| Exercise goal |
All of the data below should come back exactly as written, minus its images.

| Supplied data |
BEGIN

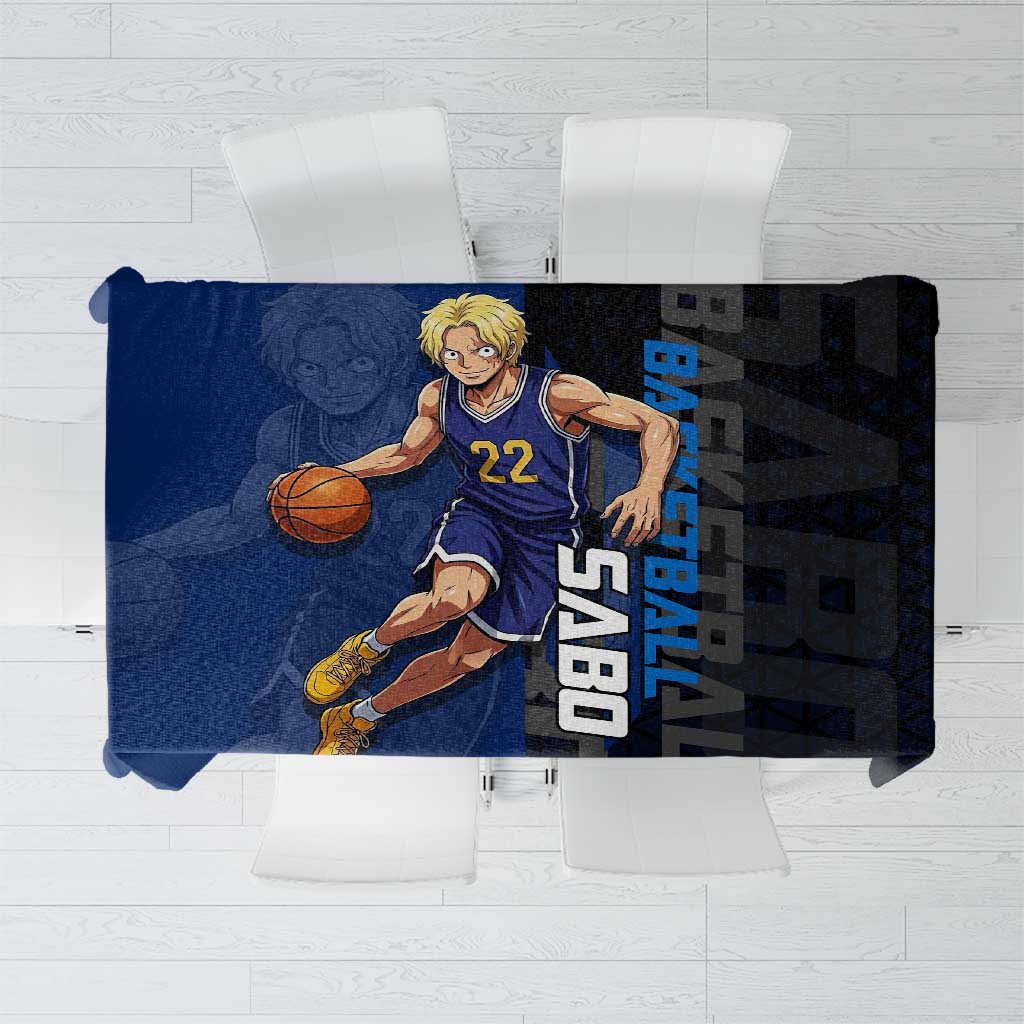Sabo One Piece Basketball Theme Blue and Black Design Tablecloth with Top Hat Emblem and Action Dribble Pose - The Mazicc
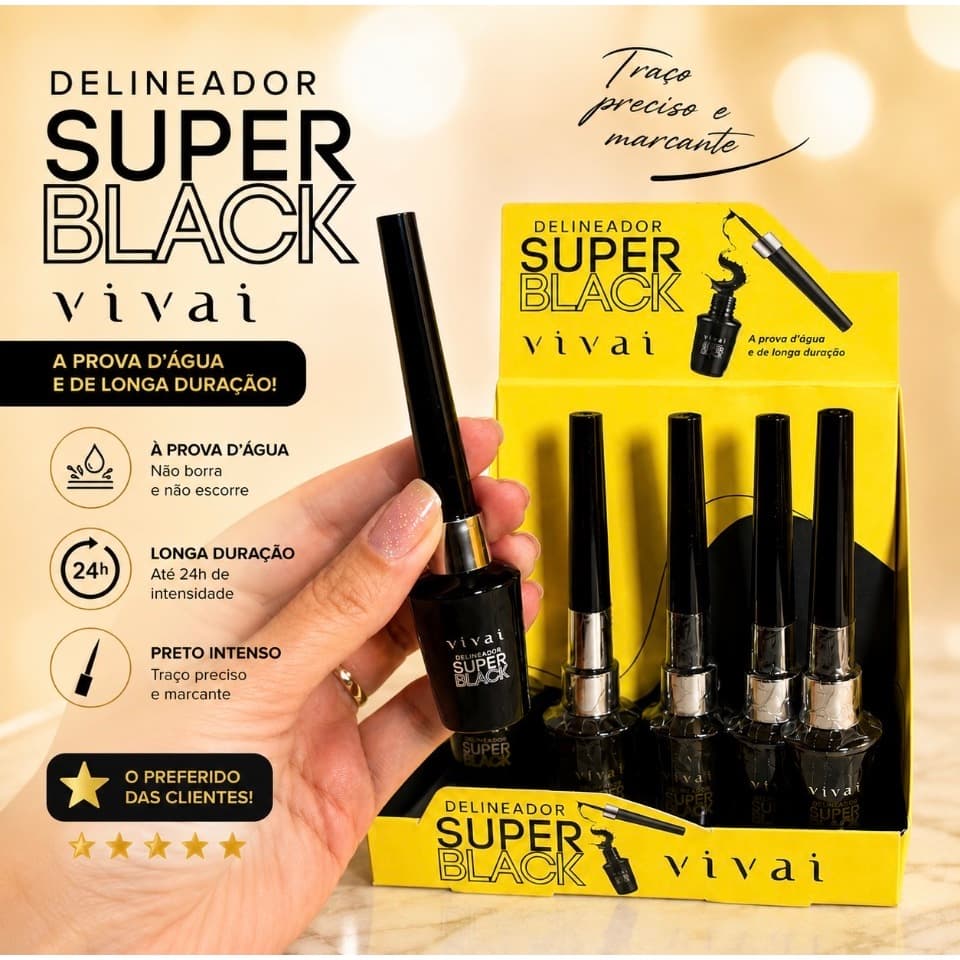 Delineador Líquido À prova D'água Super Black Vivai Preto Intenso Longa Duração Alta Fixação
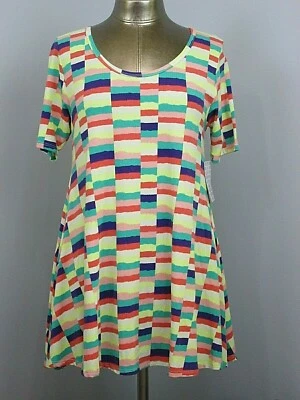 NWT LuLaRoe Perfect T-Shirt Womens Size S Chest 34 Colorful Geometric 315-22704 - Image 1 of 4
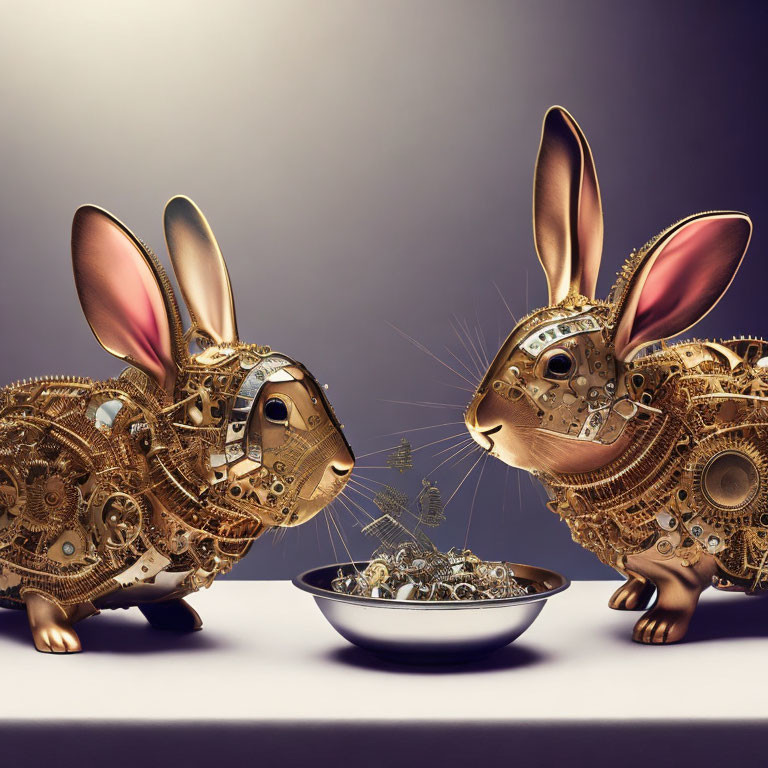 Steampunk-style mechanical rabbits sharing metal parts in image.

END

| Solution to the exercise |
Sabo One Piece Basketball Theme Blue and Black Design Tablecloth with Top Hat Emblem and Action Dribble Pose - The Mazicc
 Delineador Líquido À prova D'água Super Black Vivai Preto Intenso Longa Duração Alta Fixação
 NWT LuLaRoe Perfect T-Shirt Womens Size S Chest 34 Colorful Geometric 315-22704 - Image 1 of 4
 Steampunk-style mechanical rabbits sharing metal parts in image.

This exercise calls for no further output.